Je remarquai un jour sur le petit trajet que je suivais "comme une grande" pour me rendre au café, une devanture qui m'éblouit. Comment se faisait-il que ma mère ne se fut jamais arrêtée devant ce magasin? Je découvrais des merveilles comme je n'en avais vu nulle part, de sublimes objets représentant des fleurs, en céramiques de couleurs sombres moirées de bleus, d'indigo, d'émeraude et de mauves dont certaines étaient même ourlées de délicates dorures...
Naturellement j'ignorais à quel usage étaient destinés ces ornements mystérieux que je trouvais si séduisants, mes parents étant peu enclins aux promenades dans les cimetières.
Je passais de plus en plus de temps à chaque fois devant la vitrine qui m'enchantait, me repaissant de tant de beauté ignorée apparemment de tous car je remarquais que le magasin était toujours vide, m'étonnant de l'indifférence des badauds qui ne jetaient pas un oeil à la fabuleuse exposition L'envie d'entrer me taraudait mais l'obscurité intérieure de la boutique m'intimidait et je n'y distinguais aucun vendeur accueillant.
Cependant, la fête des mères était proche et un jour, le coeur battant, munie de tout mon courage et de quelques pièces glanées à droite à gauche, je me décidai à franchir le seuil de la caverne d'Ali Baba.

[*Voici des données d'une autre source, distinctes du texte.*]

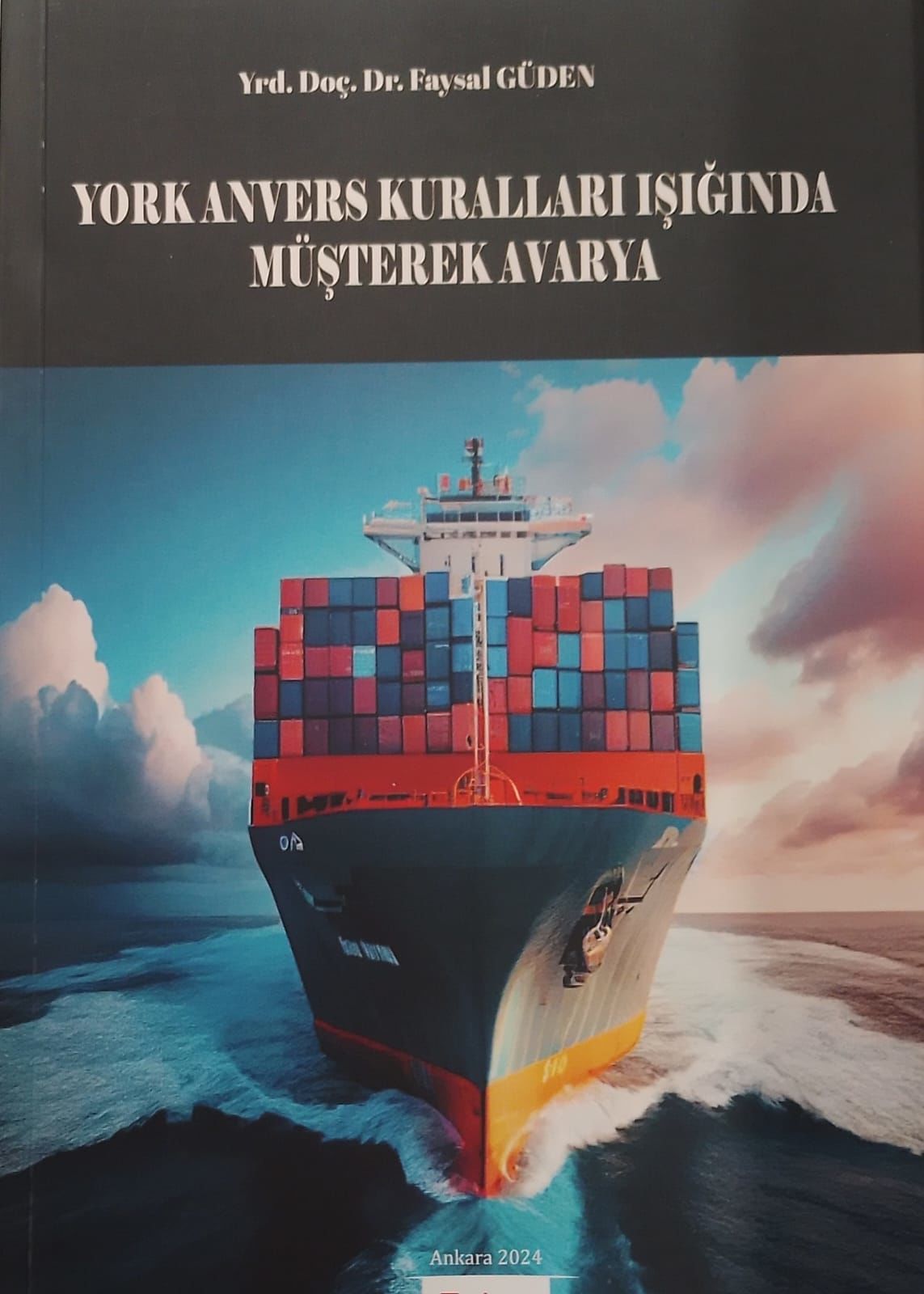 YORK ANVERS KURALLARI IŞIĞINDA MÜŞTEREK AVARYA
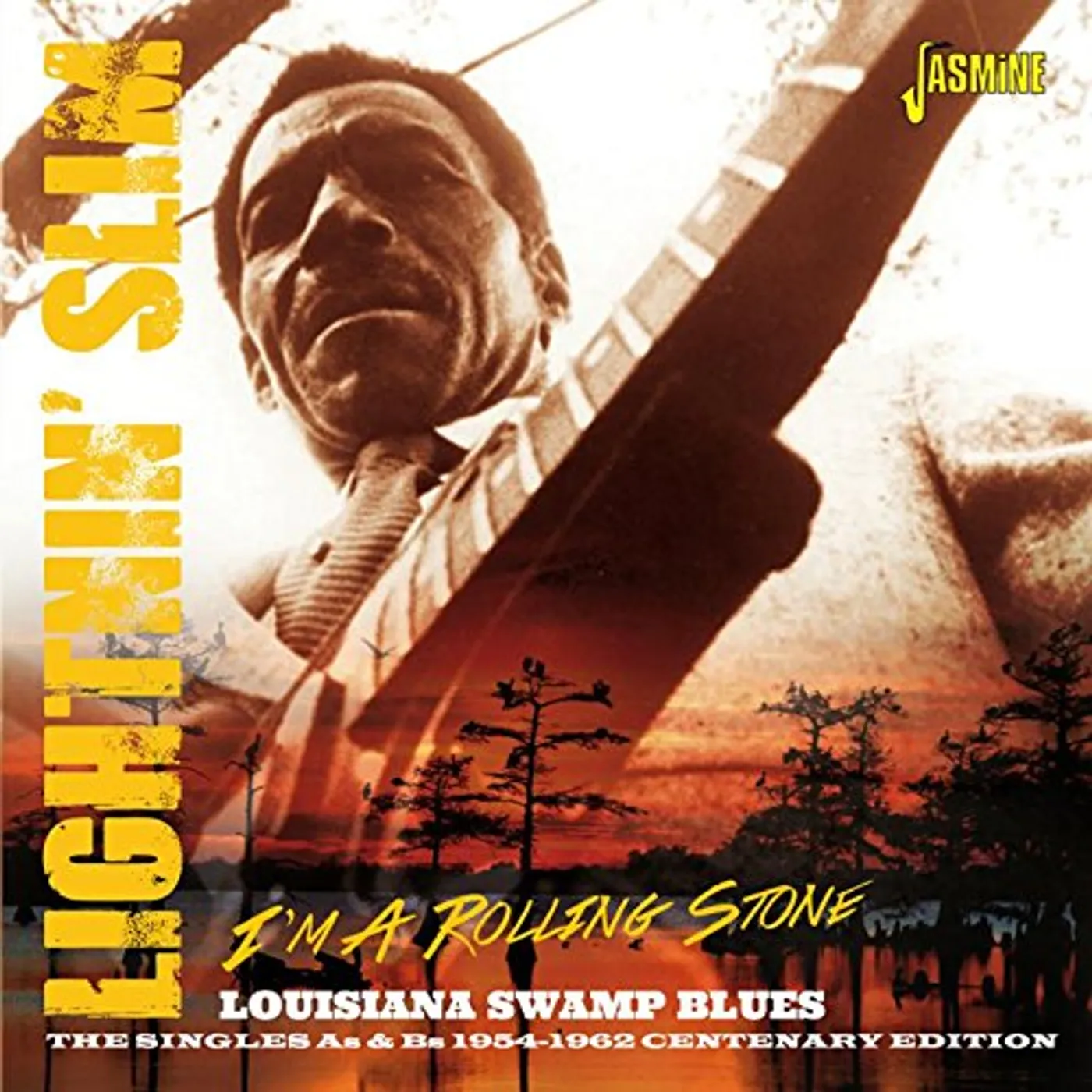 Lightnin' Slim I'M A ROLLING STONE-LOUISIANA SWAMP BLUES: SINGLES CD
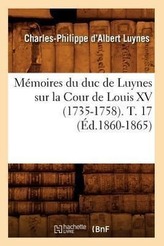 Mémoires du duc de Luynes sur la Cour de Louis XV (1735-1758). T. 17 (Éd.1860-1865)
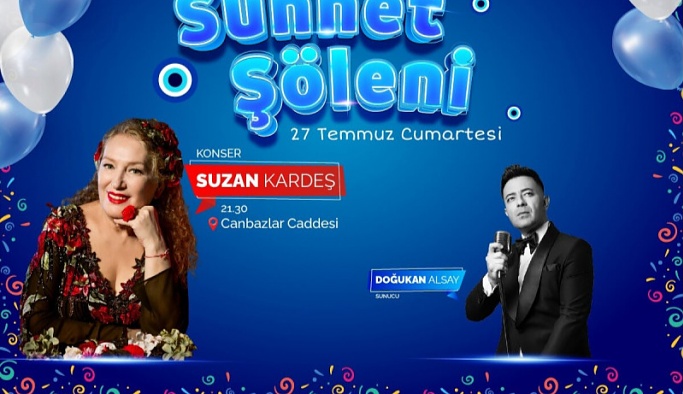 19. Geleneksel Sünnet Şöleni’nde Suzan Kardeş Sahne Alacak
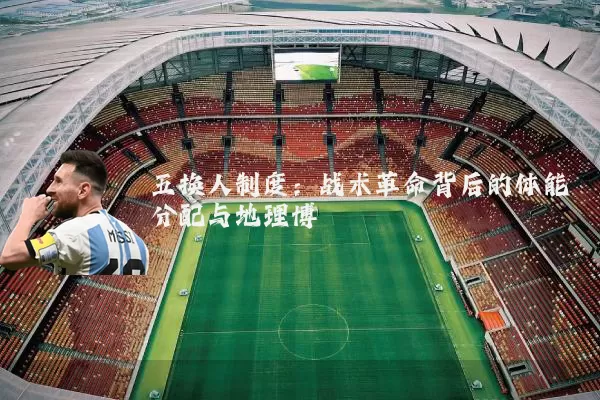 五换人制度:战术革命背后的体能分配与地理博弈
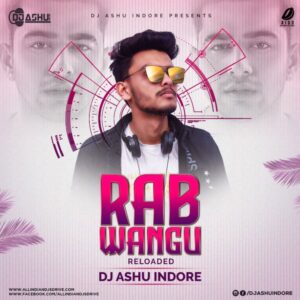 Rabb Wangu (Reloaded) - DJ Ashu Indore Rabb Wangu | Reloaded | DJ Ashu Indore | Best 2020 Remix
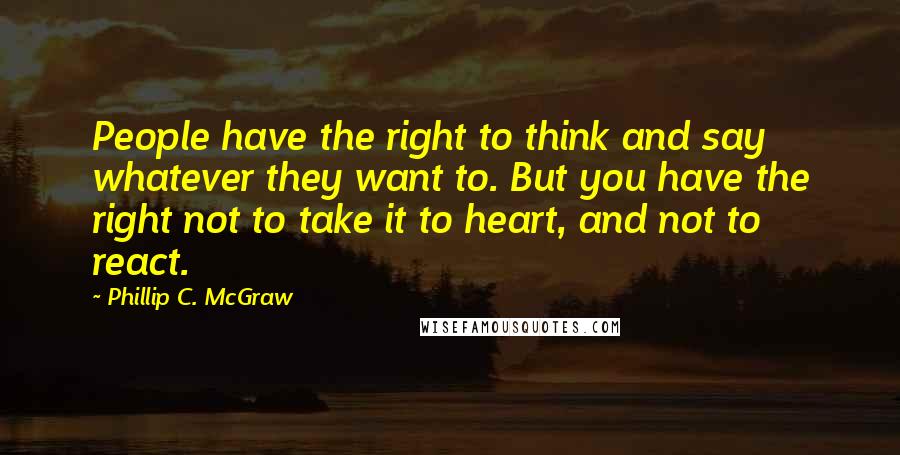 Phillip C. McGraw Quotes: People have the right to think and say whatever they want to. But you have the right not to take it to heart, and not to react.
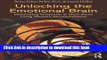 Ebook Unlocking the Emotional Brain: Eliminating Symptoms at Their Roots Using Memory
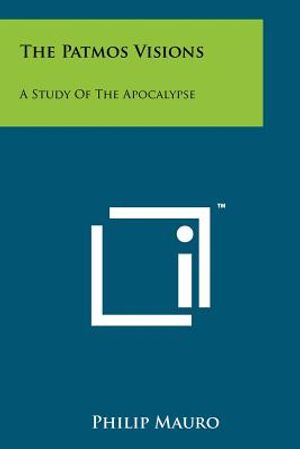 The Patmos Visions: A Study Of The Apocalypse image number 0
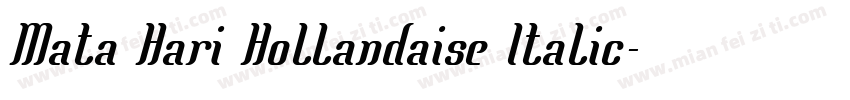 Mata Hari Hollandaise Italic字体转换
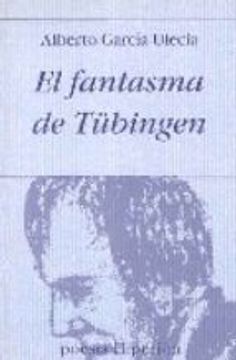 El fantasma de Tübingen (Poesía Hiperión)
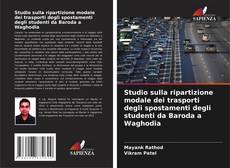 Couverture de Studio sulla ripartizione modale dei trasporti degli spostamenti degli studenti da Baroda a Waghodia
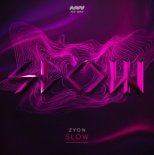 Zyon - Slow (Extended Mix)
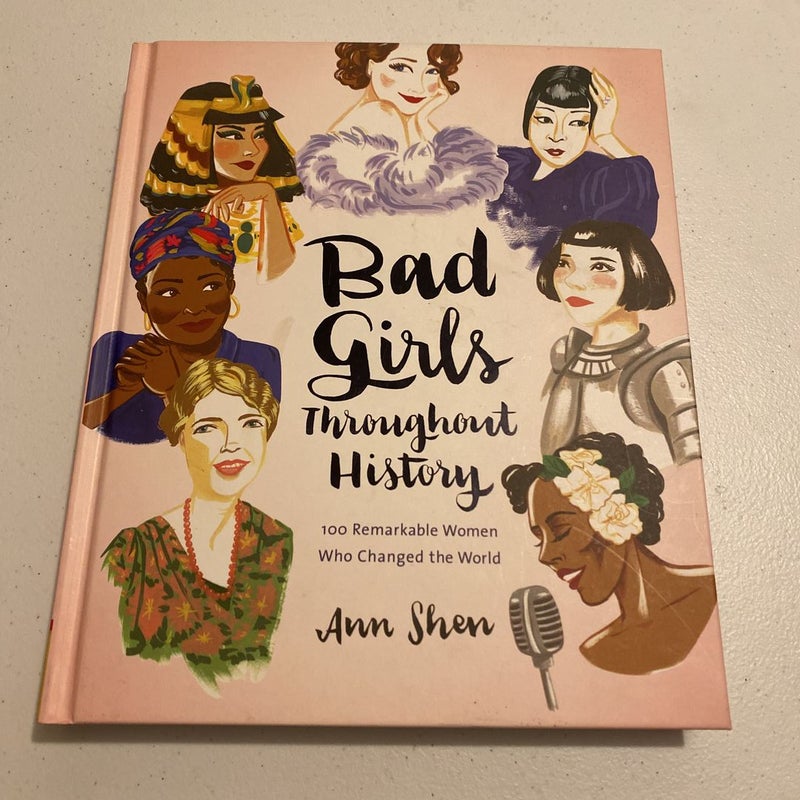 Bad Girls Throughout History: 100 Remarkable Women Who Changed the World (Women in History Book, Book of Women Who Changed the World)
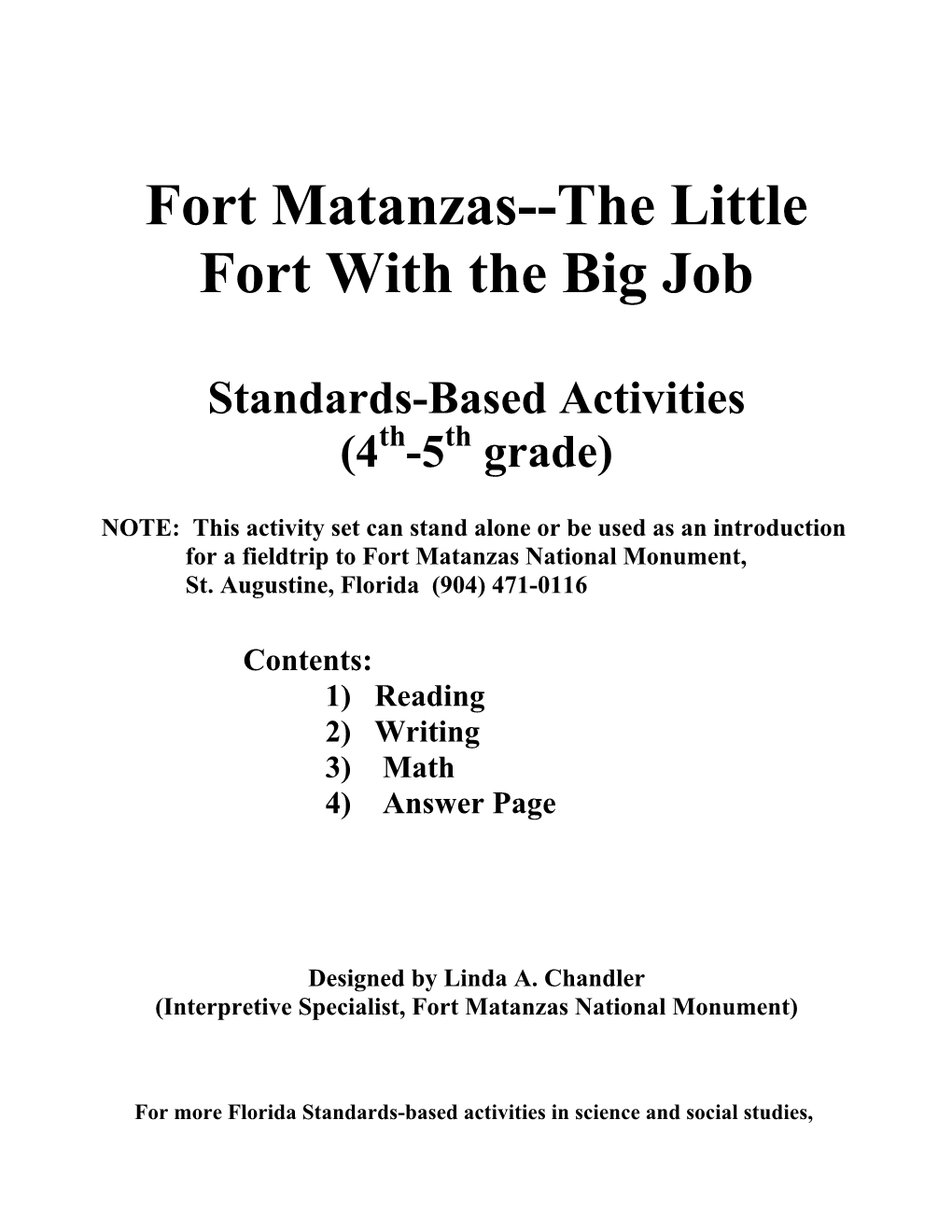 Fort Matanzas--The Little Fort with the Big Job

Un homme grand et sec, blanc comme un linceul me demanda, un peu interloqué ce que je voulais. J'exprimais, les yeux brillants, mon enthousiasme passionné pour les trésors qu'il vendait et déclarai vouloir acquérir une pièce. L'homme blême alla farfouiller dans son arrière boutique et revint avec une petite fleur violacée délicatement pailletée de rose entourée de feuilles anthracite dont l'une était ébréchée et me la tendit: "Ca te va?" J'acquiesçai, le feu aux joues, proposai mes sous qu'il refusa gentiment en m'ouvrant la porte pour me voir déguerpir. Le bel objet était assez petit , ce que je regrettais, mais il avait l'avantage de contenir dans ma poche.
Pour m'assurer du succès de mon cadeau, je tirai ma mère devant le magasin funéraire en sortant de chez la mémé, ce soir là, m'attendant à une réaction extasiée de sa part: "Mais quelle horreur ma pauvre chérie! Tu trouves cela joli, comment peux-tu avoir si mauvais goût?!" s'exclama t-elle en m'expliquant à quoi servaient ces objets.
C'était raté.
La semaine suivante, jugeant qu'elle était en effet dans un état plus proche que ma mère pour l'apprécier et avoir en avoir l'utilité rapidement, je déposai le précieux présent dans les mains de la très très vieille mémé....
Inutile de préciser que la fin de la soirée fut tragique une fois rentrées à la maison.